Omit all pictures, then retype the data exactly as given.

* [Input data]:
Start of Block
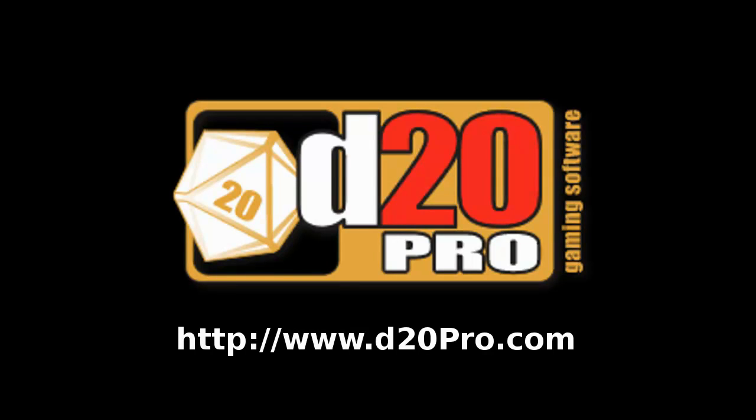Welcome to D20 Pro Video Tutorials. In this video, we will discuss how to convert an image inside a PDF file into a usable map inside D20 Pro.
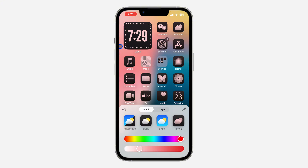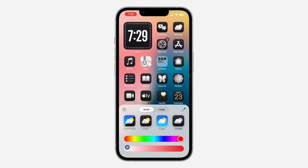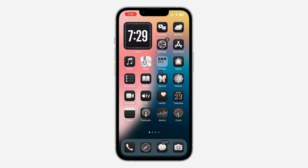Once you click on Tinted, it's going to add something like this to your apps. Now if you want to make it black and white, just drag this slider to white, and now we have black and white apps on our home screen. As you can see, it is very easy and straightforward.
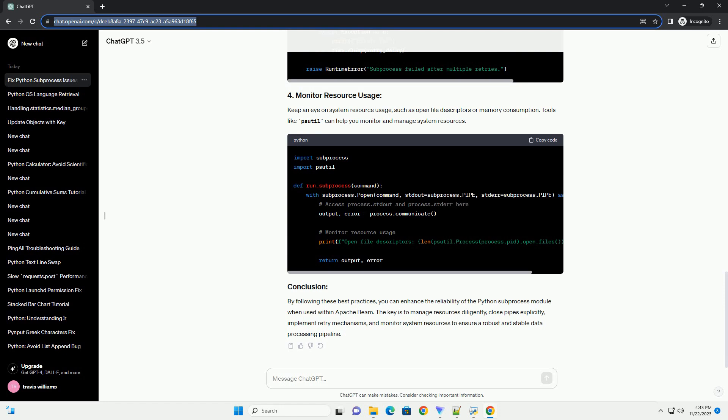By following these best practices, you can enhance the reliability of the Python subprocess module when used within Apache Beam. The key is to manage resources diligently,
End of Block
* [Solution to the exercise]:
Welcome to D20 Pro Video Tutorials. In this video, we will discuss how to convert an image inside a PDF file into a usable map inside D20 Pro.
Once you click on Tinted, it's going to add something like this to your apps. Now if you want to make it black and white, just drag this slider to white, and now we have black and white apps on our home screen. As you can see, it is very easy and straightforward.
By following these best practices, you can enhance the reliability of the Python subprocess module when used within Apache Beam. The key is to manage resources diligently,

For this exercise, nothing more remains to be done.